I found this poem written about this "ask and you shall receive" understanding of prayer, and I found the last line of it rather amusing.
Ask and you shall receive
but receive what?
Couldn't He have been more specific
will I receive for which I ask
or something different in return
and all those questions shouted out
without answer, without hope
what gift shall be made of them
when only silence
(what kind of answer is silence?)
when only silence
silence is all that's given to receive
emptiness - yet in overwhelmed states
what I would do for some empty silence rest
yes, ask, I wonder,
for I shall always ask
and for every asking shall receive
but He did not promise the two would correlate.
I wonder in some ways if this is what happened to Jesus when he was baptized and was praying. Knowing the ministry that he was about to begin, my head overflows with the number of thing he could have been praying for in that moment. That perhaps he didn't have to go through with it, for strength, or guidance. But what we hear is God voicing his love and confidence in Jesus. And I am sure that was enough for Jesus. When I think about the ask and you shall receive idea of prayer, I am grateful that I do not always get what I ask for. I rely instead on Gods understanding to give me what God thinks is best. Sometimes we learn as we pray that what we have prayed for wouldn't be the best thing for us. Sometimes when we get an answer that is different or exactly what we wanted, we realize it wasn't the best idea.
So what is prayer?
Prayer is the communication between you and God that forms the working relationship between you. Just as our relationships with people involve so much more than just the words we say or write to them, our relationship with God is so much more than just the words we say in prayer.

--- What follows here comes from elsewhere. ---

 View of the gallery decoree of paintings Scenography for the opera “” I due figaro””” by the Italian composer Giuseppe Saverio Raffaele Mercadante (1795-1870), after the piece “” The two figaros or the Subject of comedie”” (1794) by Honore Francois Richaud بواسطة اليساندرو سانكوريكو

Prayer is God at work in us, some of the ancient fathers said that we could not manage to pray without the Holy Spirit already at work within us. We believe that every act of prayer involves the full Trinity, the Father, the Son, and the Holy Spirit. A theologian I once read wrote that prayer is the voice of God within us that is longing for reunion with God outside of us.
Like our relationships with other people which go deeper than words, into time spent living with them, helping them, working besides them, laughing with them, giving them looks across the room, and sharing moments of pain with them, our relationship with God can include all of that, and all of that is prayer. When we acknowledge that the work we do is done with God, when we share our pain and joy with God without words. When we rest in silence, and when we try to listen to what God is saying to us.
I hope you will take some time this evening in this lovely setting to share with God beyond the words that we say together, to open yourself up to hear what God is saying to you.